The checklist I expected
Last week I attended a workshop on neuroinclusivity in learning design.
I expected to come away with a checklist.
- Use larger fonts
- Send slides in advance
- Offer cameras off
- Use a dyslexia-friendly typeface
Instead, the biggest takeaway was that there is no checklist.
Hold on - I know you want something tangible, it’s coming - stay with me.
The assumption I hadn’t questioned
The facilitator challenged a belief I hadn’t questioned before: we often talk about neurodiversity as if it describes a group of people.
The workshop argued that neurodiversity is the natural variation in how humans think, focus, process information and communicate.
That reframing changes the problem entirely.
Why this matters for design
When we think in categories, we tend to design for ourselves and then add accommodations afterwards.
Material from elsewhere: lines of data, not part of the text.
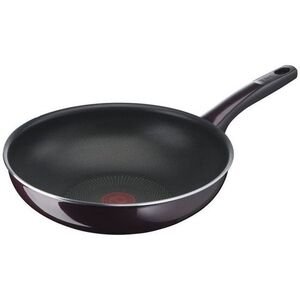 Tefal Wok serpenyő 28 cm Resist Intense D5221983 kép
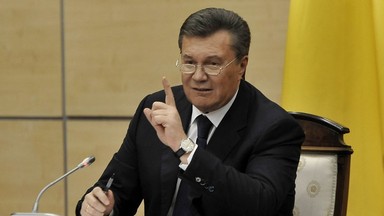 Ukraina: Partia Regionów zapowiada utworzenie gabinetu cieni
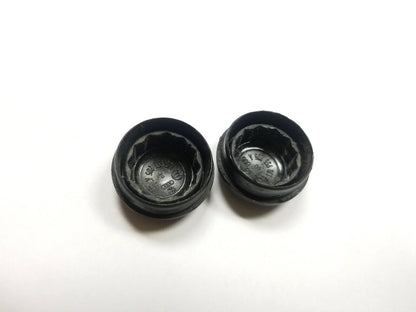 12 13 14 15 16 17 Audi A7 Wiper Arm Bolt Cap 2pcs OEM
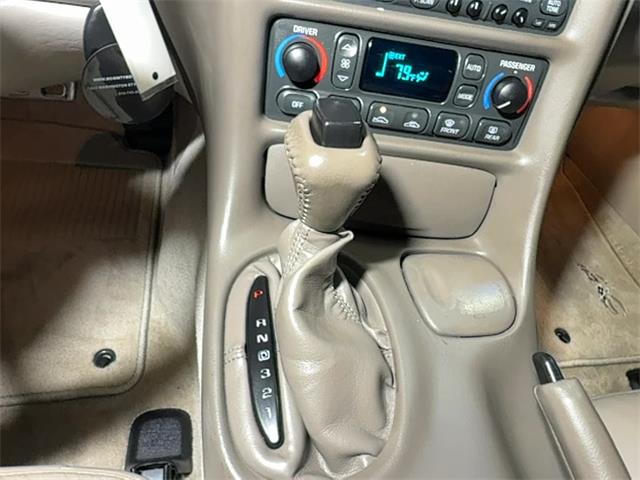 2004 Chevrolet Corvette (CC-2098716) for sale in Reading, Pennsylvania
We build the workshop, the meeting, the presentation or the product, based on our own preferences and then ask, “now how do we make this accessible?”
When we think in variation, we start by accepting that people will experience the same thing differently.
The workshop wasn’t really about fonts or slide templates. It was about design choices.
How much information do you put on a slide?
Do people know why they’re learning something?
Can they contribute in different ways?
Have you considered sensory load, attention span, or processing time?
A familiar product challenge
As a product person, the parallel felt familiar: even if you start with the customer, there’s still a risk of designing for how something is assumed to be experienced, rather than how it actually is - a gap that only closes with context and testing.
Whether you’re designing software, a workshop, a conference talk or a team meeting, the principle feels surprisingly similar:
Start with the expectation that people will experience the same thing differently. Design from there.